* **GIVEN ENTRIES**

..........

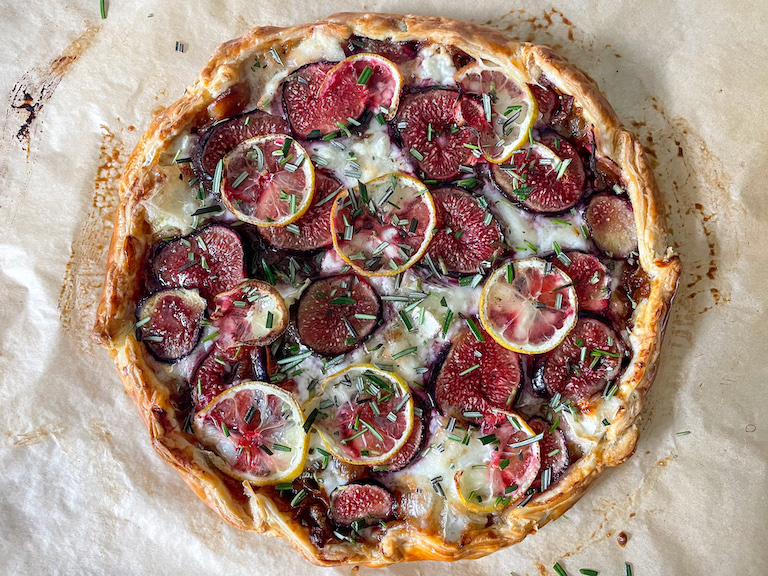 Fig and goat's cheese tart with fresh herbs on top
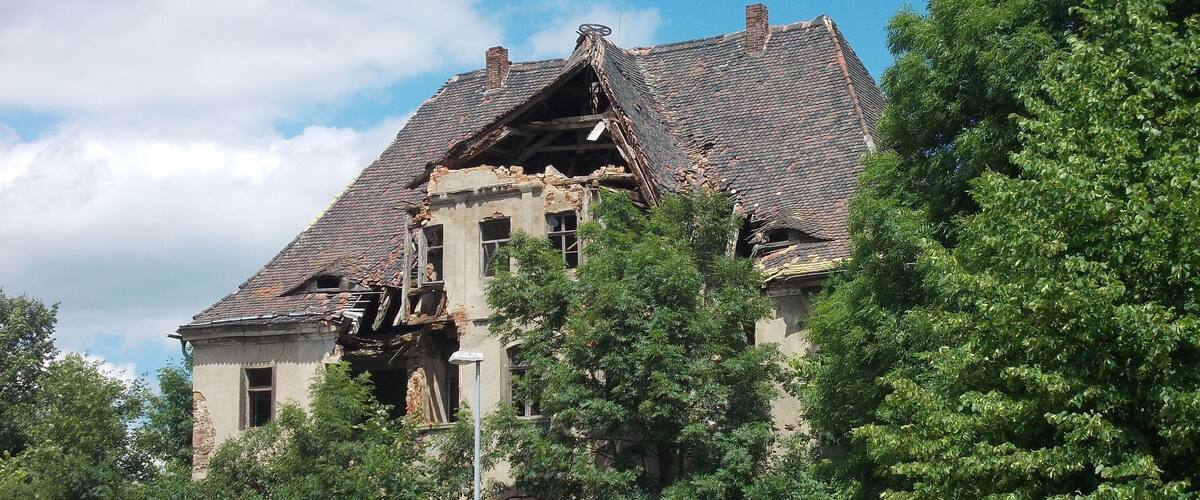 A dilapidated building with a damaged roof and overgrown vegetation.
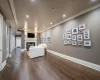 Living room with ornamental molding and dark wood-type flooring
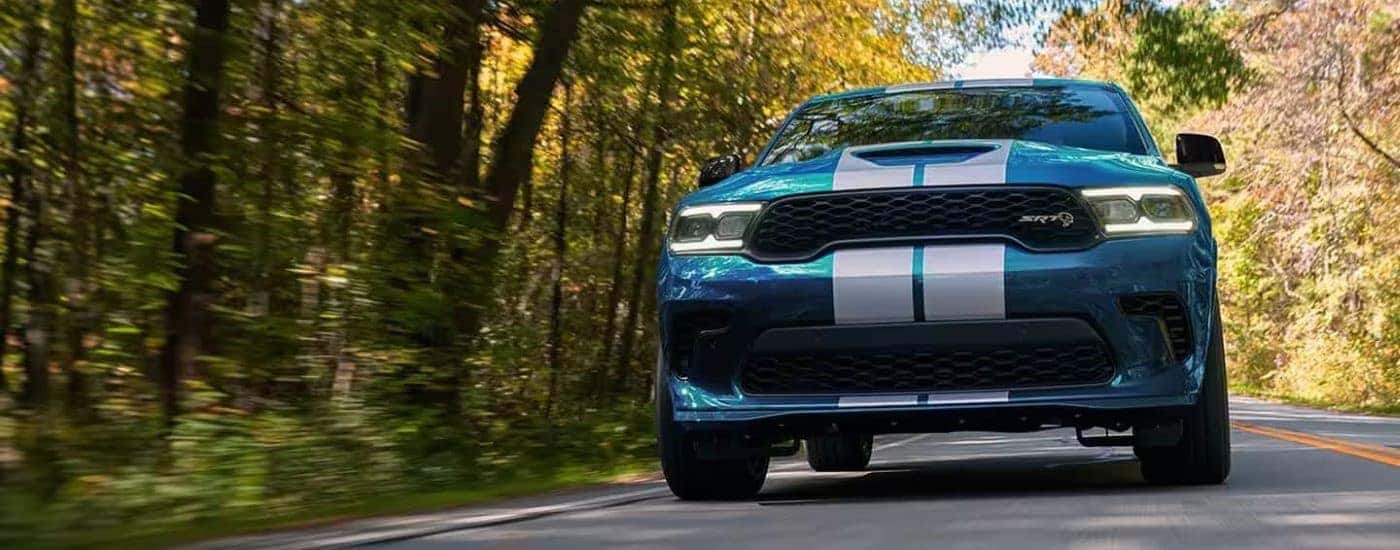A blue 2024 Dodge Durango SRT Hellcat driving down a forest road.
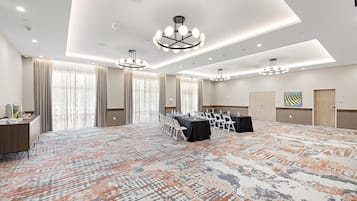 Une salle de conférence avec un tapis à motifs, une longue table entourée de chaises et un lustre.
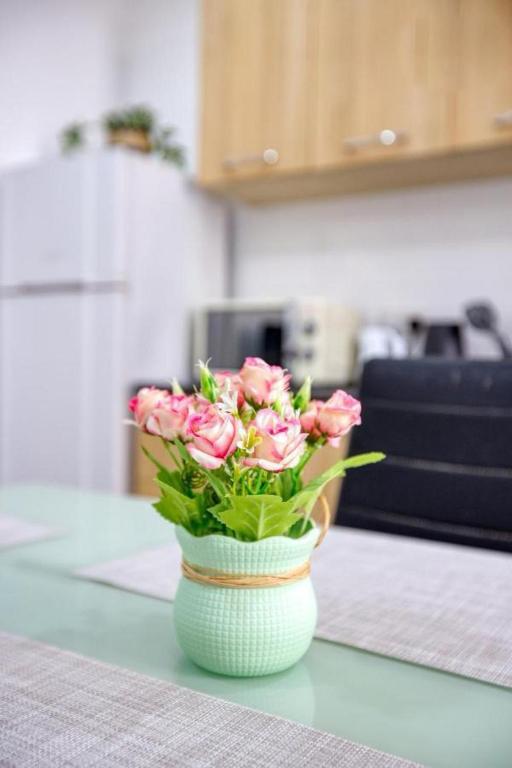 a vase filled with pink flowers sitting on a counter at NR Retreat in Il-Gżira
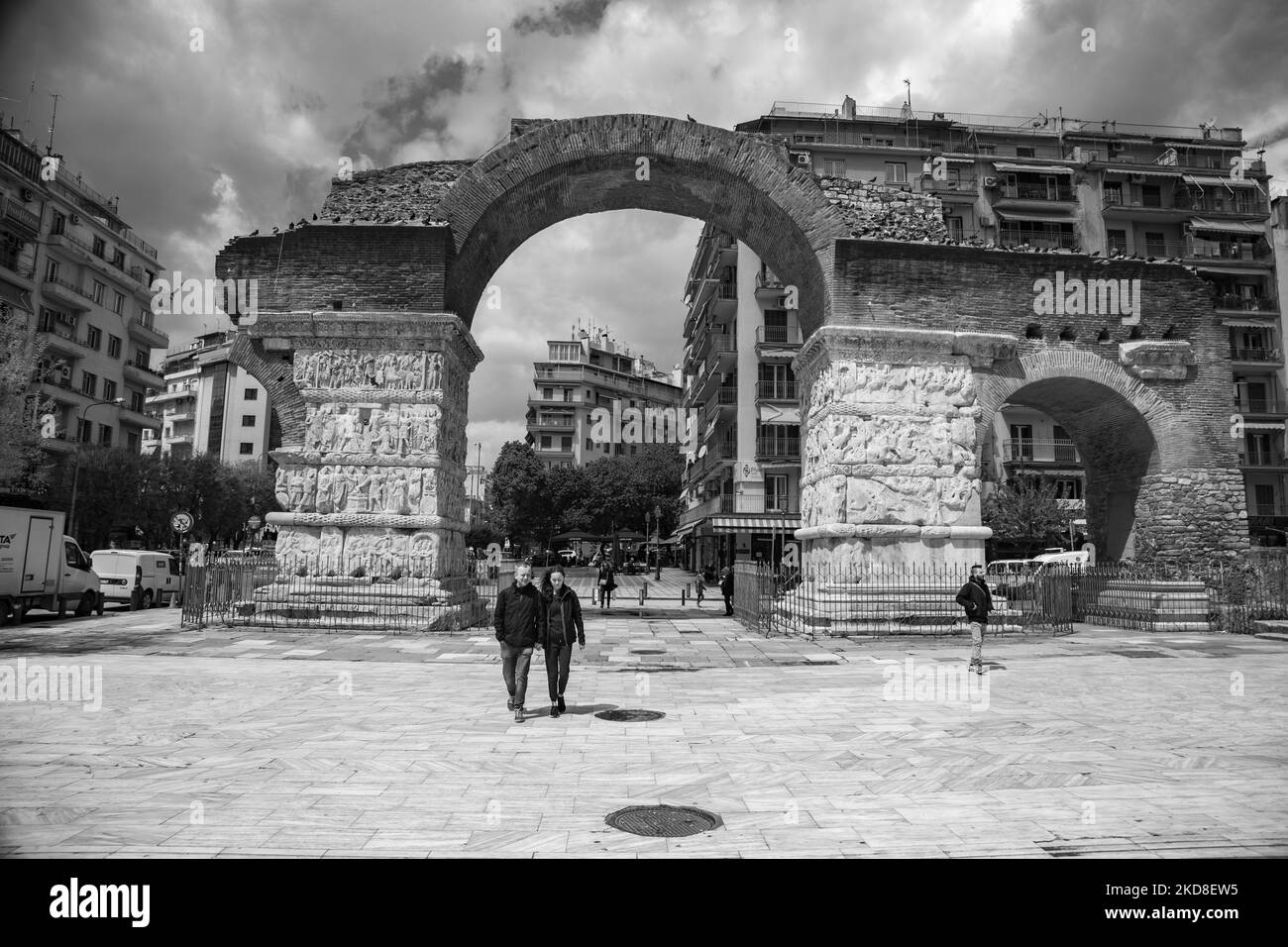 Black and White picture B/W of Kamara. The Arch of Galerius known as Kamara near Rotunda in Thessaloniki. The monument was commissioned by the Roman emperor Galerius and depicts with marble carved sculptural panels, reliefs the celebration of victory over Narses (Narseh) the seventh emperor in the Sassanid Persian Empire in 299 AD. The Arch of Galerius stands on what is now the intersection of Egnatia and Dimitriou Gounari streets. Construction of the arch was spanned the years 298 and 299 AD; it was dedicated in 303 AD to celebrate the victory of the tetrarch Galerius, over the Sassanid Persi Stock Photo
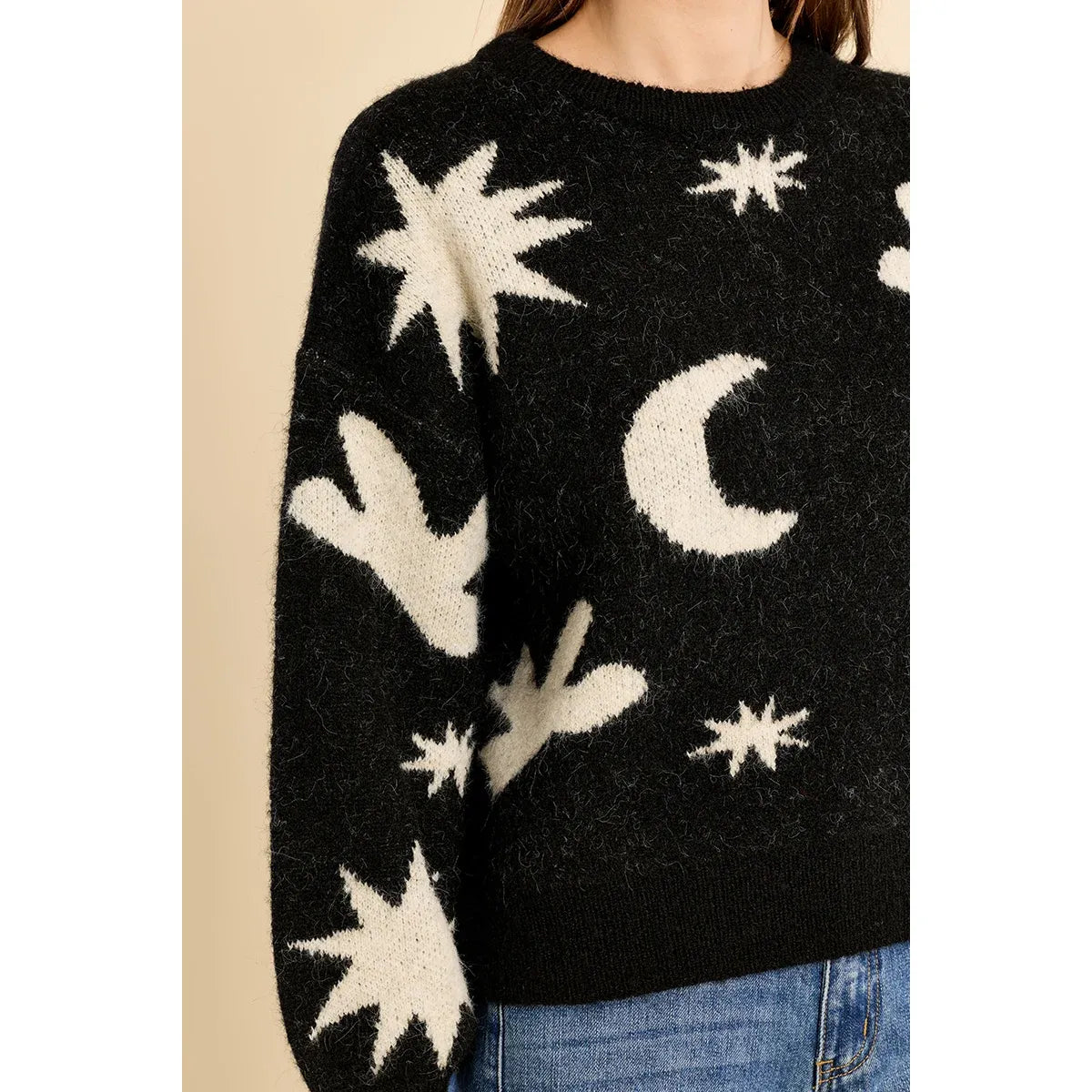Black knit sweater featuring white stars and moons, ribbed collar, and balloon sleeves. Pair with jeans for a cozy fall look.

..........

* **WHAT IS REQUIRED**
Take the line containing "A blue 2024" and every line after it through the end of the data, and write them out exactly, with no pictures.

* **SOLUTION TO THIS EXERCISE**
A blue 2024 Dodge Durango SRT Hellcat driving down a forest road.
 Une salle de conférence avec un tapis à motifs, une longue table entourée de chaises et un lustre.
 a vase filled with pink flowers sitting on a counter at NR Retreat in Il-Gżira
 Black and White picture B/W of Kamara. The Arch of Galerius known as Kamara near Rotunda in Thessaloniki. The monument was commissioned by the Roman emperor Galerius and depicts with marble carved sculptural panels, reliefs the celebration of victory over Narses (Narseh) the seventh emperor in the Sassanid Persian Empire in 299 AD. The Arch of Galerius stands on what is now the intersection of Egnatia and Dimitriou Gounari streets. Construction of the arch was spanned the years 298 and 299 AD; it was dedicated in 303 AD to celebrate the victory of the tetrarch Galerius, over the Sassanid Persi Stock Photo
Black knit sweater featuring white stars and moons, ribbed collar, and balloon sleeves. Pair with jeans for a cozy fall look.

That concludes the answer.